24 Ağustos 2013

Bakış açısı dengesi: Optimist-Pesimist- Realist


 

Öncelikle ifade etmeliyim ki burada bu kavramların felsefi boyutuyla ilgilenmeyeceğim. Üzerinde yıllarca kafa yorulmuş, yüzlerce kitap yazılmış, dünyaca ünlü felsefeciler tarafından savunulmuş ya da yerilmiş kavramlardır. Ben burada şu anki yaşananlar ışığında kendi düşüncelerimi ifade etmeye çalışacağım. 
 



 
Kısaca belirtecek olursak; optimizm ya da optimist, iyimser anlamında kullanılıyor. Hayata olumlu bakan, halk arasında pollyanna olarak isimlendirilen düşünce biçimidir. Pesimizm bunun tam tersi kötümserlik anlamında kullanılıyor. Realizm ise hep gerçekçi düşünerek hayatını yaşamak ve bu ikisi arasında dengeyi bulmak olarak ‘kabaca’ tanımlanabilir.



Şu anda 2013 yılındayız ve gözümü kapatıp hem kendi hayatımı düşündüğümde, hem de tüm dünyayı hayal ettiğimde kötümser düşünmemek elde değil.
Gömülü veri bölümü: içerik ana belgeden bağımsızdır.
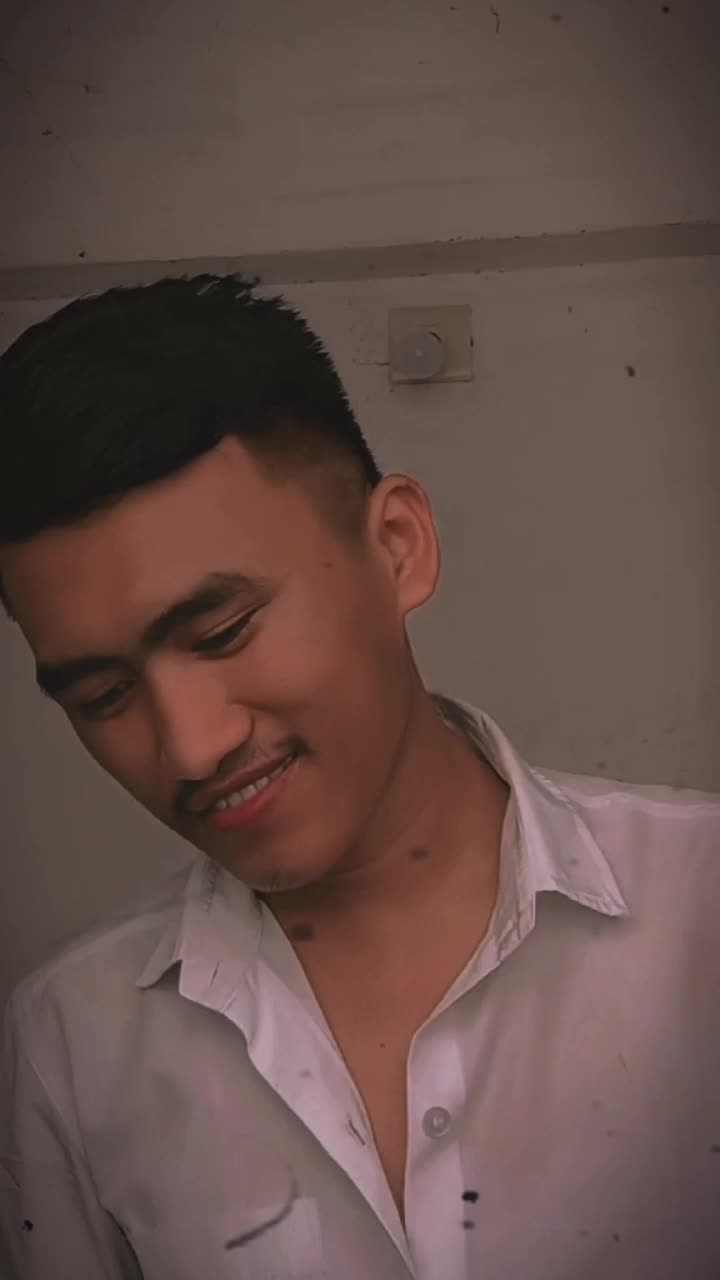 @sunil___k___gurung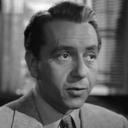 Victor Laszlo - @vlaszlo505 - Twitter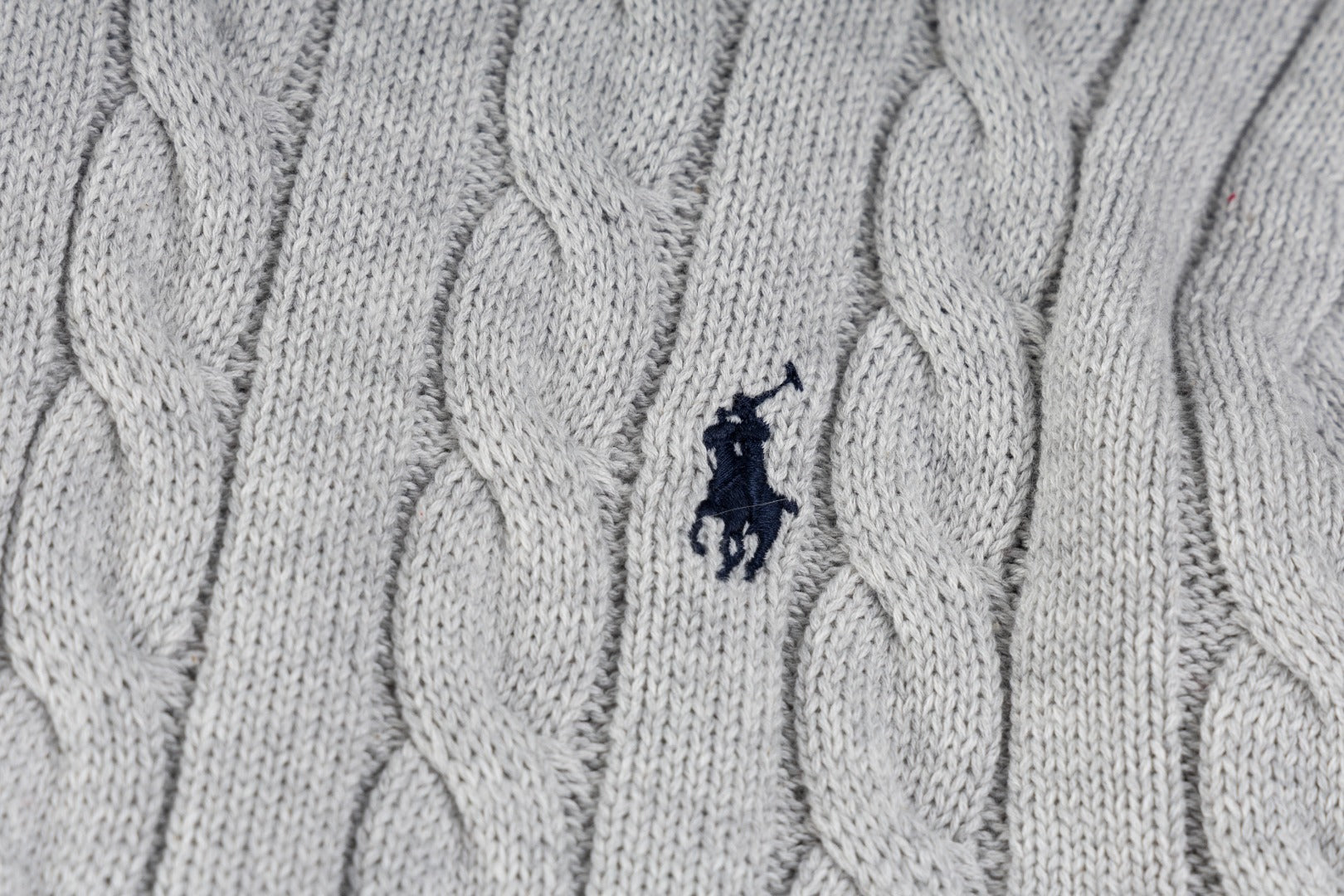 LuxluxHouse Best Quality Clothes Ralph Lauren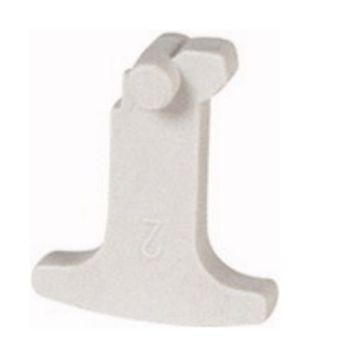 Eaton Y7-281196 DILM7-12 MP20 İçin Kontaktör Aksesuarı Mekanik Kilit
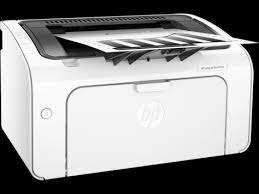 Even i downloaded the driver as from your provided link, we couldn't open this. Hp Laserjet Pro M12a Printer T0l45a Mono Laser Printer
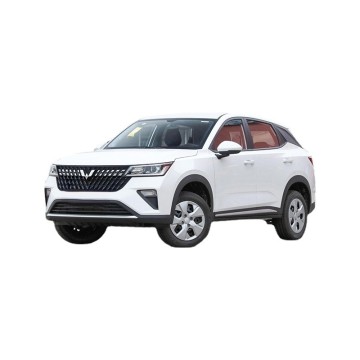2023 Wuling Xingchi 1,5L CVT 5 drzwi 5 siedzeń Mały SUV - Najlepszy SUV za pieniądze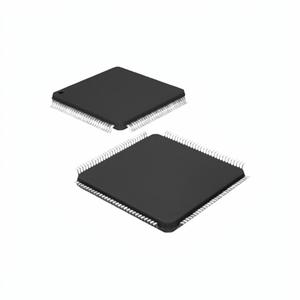 MB96F6C5RBPMC-GSE1 Embedded 120 LQFP Original Buy Online Electronic Components - Product Image 1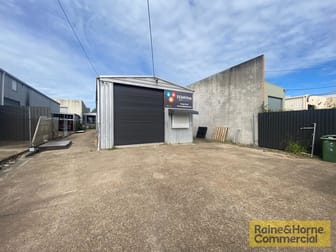 8 Tubbs Street Clontarf QLD 4019 - Image 1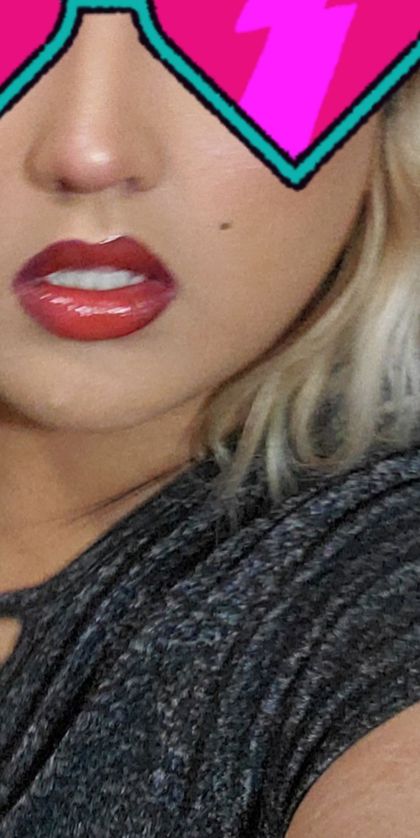 wholelyhopeful OnlyFans picture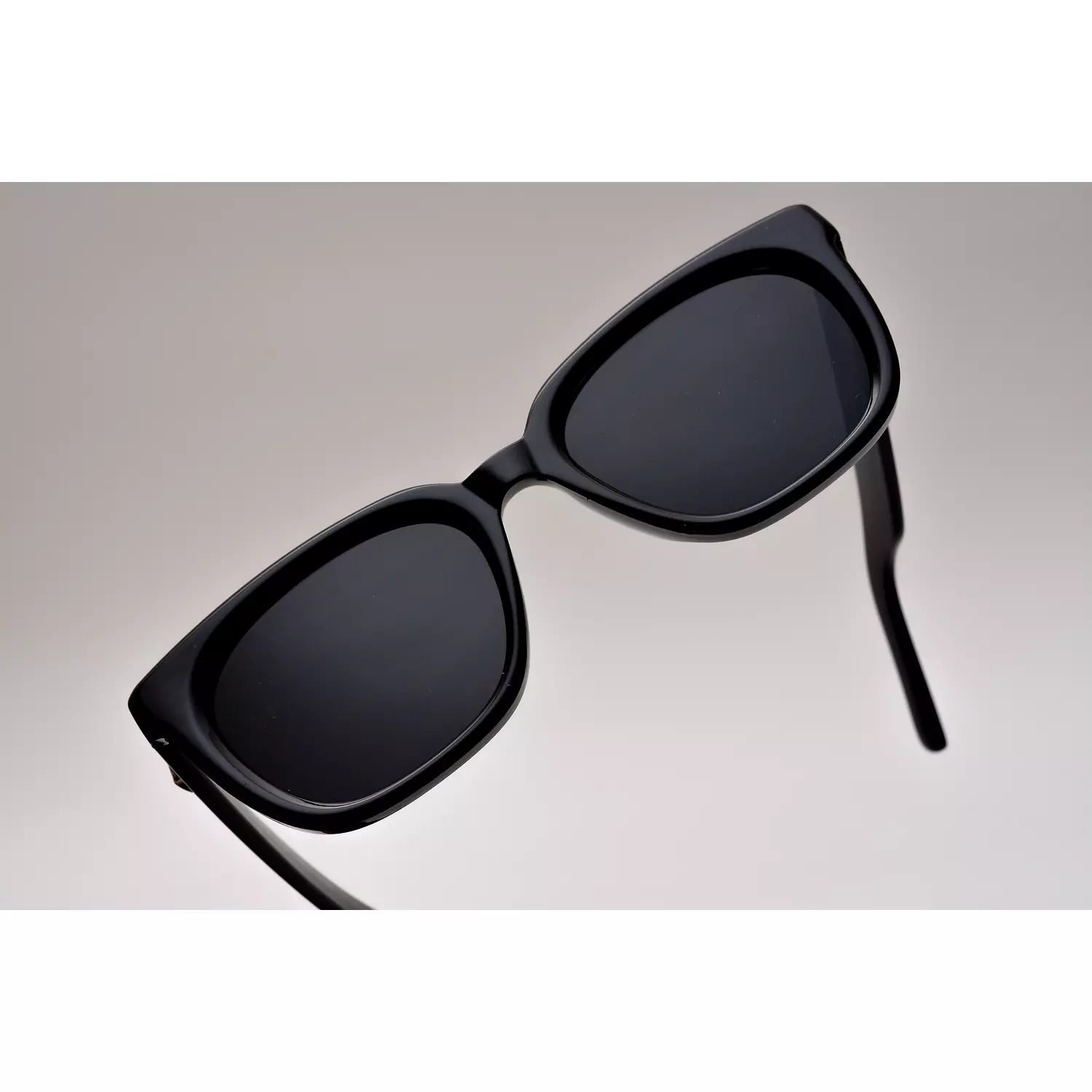 cool basic sunglasses 5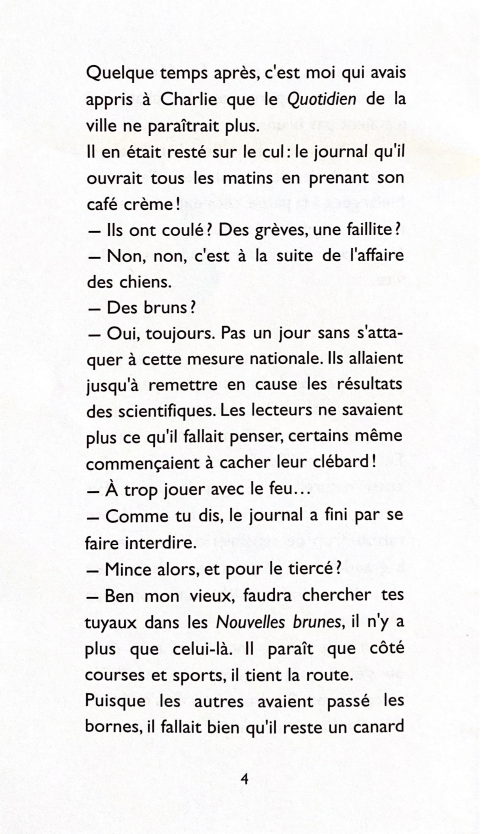 Comte Docu tweet media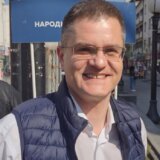 Odbrana nacionalnih interesa i očuvanje Kosova: Narodna stranka nastavlja svoj rad u Kragujevcu 7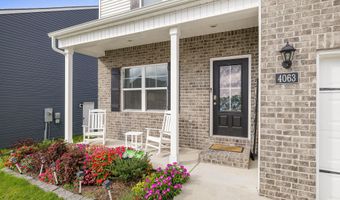 4063 Bentwood Cove Dr, Apison, TN 37302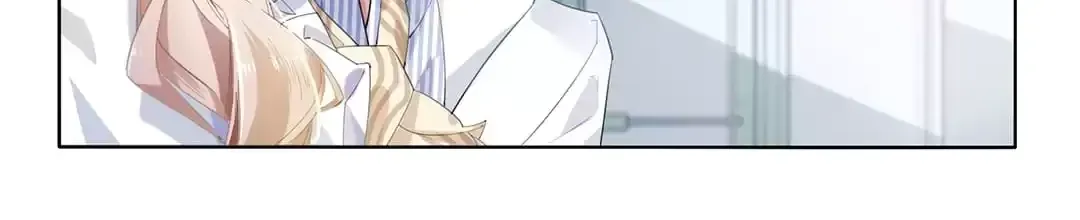 Bitter Sweets Chapter 15 page 14 - 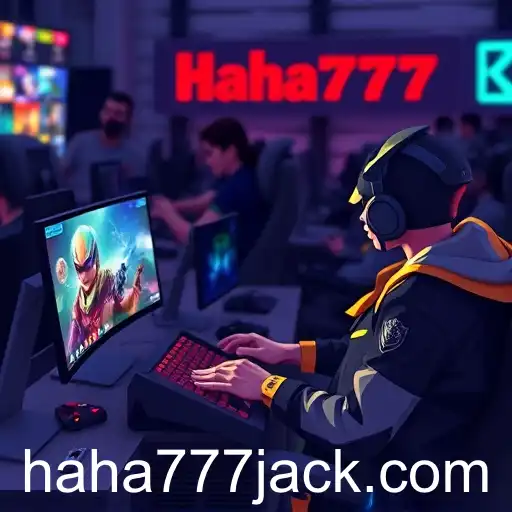 Revolutionizing Online Gaming Trends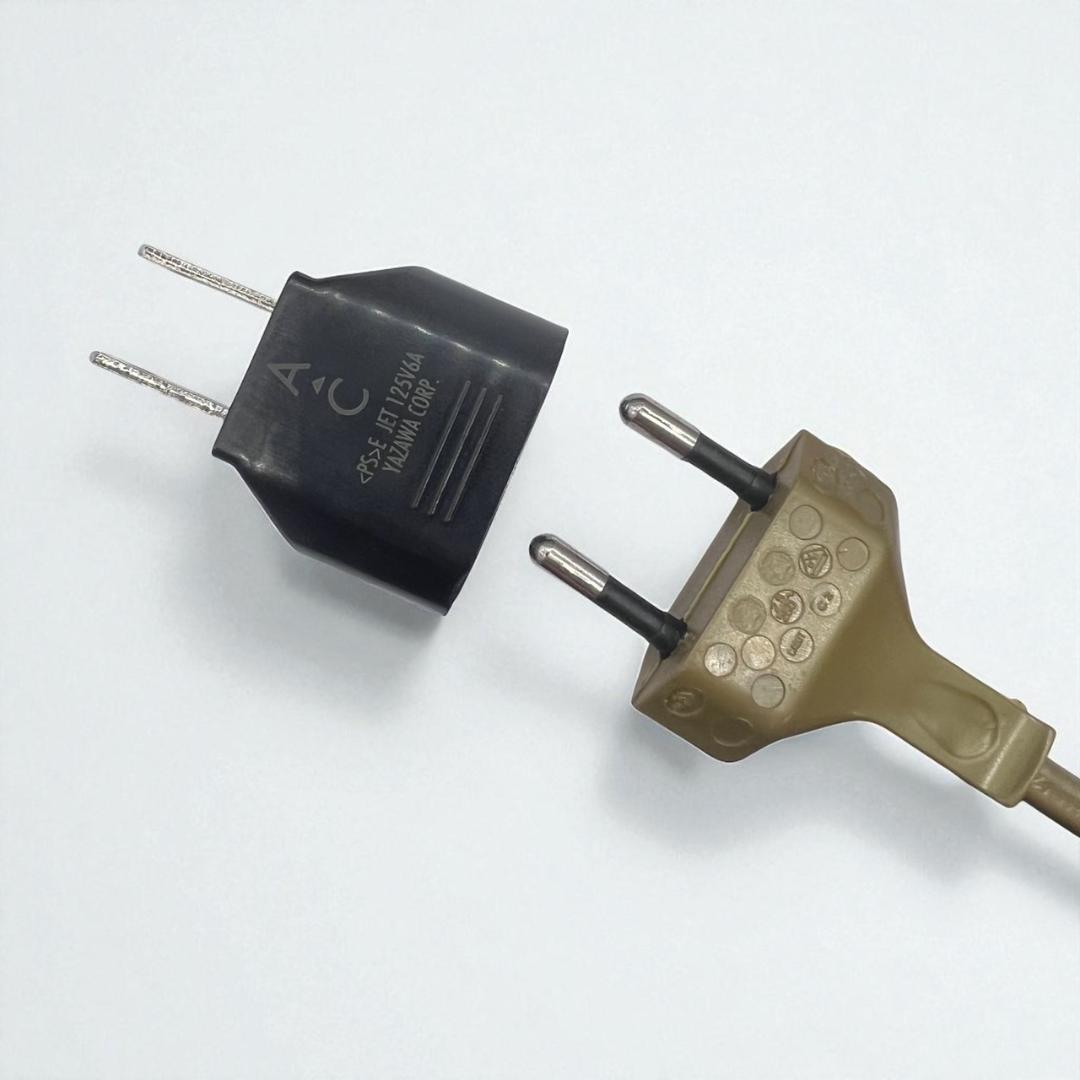 ◆証明書付◆EmileGalleエミールガレ 卓上ランプ　カメオ彫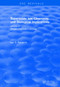 Superoxide Ion: Volume II (1991) (Chemistry and Biological Implications) by Igor B. Afanas'ev, 9781138561991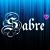 :iconsabre070: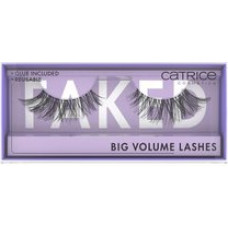 Catrice Faked Big Volume Lashes
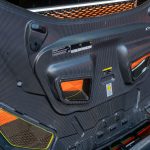 LAMBORGHINI HURACAN STO LP640-2 STO LDF7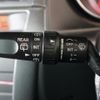 mazda axela 2004 CFJ1565325 image 6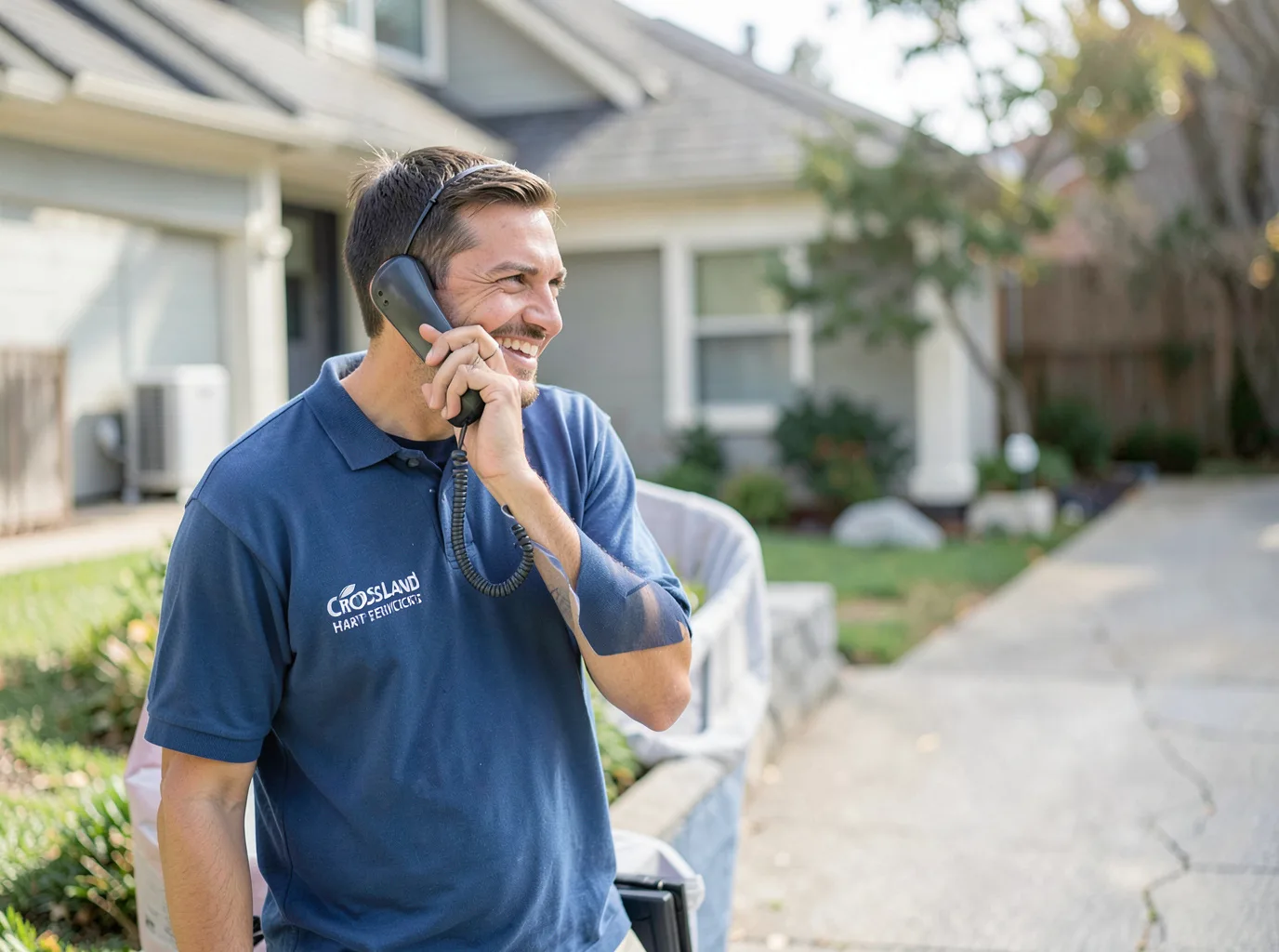 Heat Pump Installation Richmond, MI FAQs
Dünya oluştuğundan bu yana devam eden güç ve para hırsı, kendi düşüncesini başkasına kabul ettirme çabası, insanları para ya da hayatları karşılığında köleleştirme, hep daha fazlasını isterken öldürme, yakma, yıkma, zarar verme, kendinden başkasını asla düşünmeme, işleri iyi gittiği sürece dost olup en ufak çıkar çatışmasında düşman olma… vs uzayıp giden bir liste var benim beynimde. Her gün ülkemizde ve dünyanın dört bir yanında ölen çocuklar, anneler, babalar kafamıza kazınmış ve bu konuda da duyarsızlaşmış durumdayız. 

Aslında kendimi bildim bileli olumlu düşünmeyle gerçekçi olma arasında bir dengede olmuşumdur. Olumsuz düşündüğümü çok hatırlamıyorum. Her zaman bir şeyler başarma isteği ve yapabilme inancı olmuştur. Lakin artık kendimi sorgulayacak kadar şey gördüm sanırım.

Düşündükçe sorguluyor insan her şeyi. Neden varolduğunu, amacını, dünyada olup bitenleri, özgürlüğü, aşkı… Ve şu soruları soruyorum kendime:

·         Ne için ve ne kadar mantıklı yaşıyoruz?

·         Ne kadar özgürüz?

·         Aşk, sevgi, mutluluk kavramlarını ne kadar saflıkta yaşayabiliyoruz?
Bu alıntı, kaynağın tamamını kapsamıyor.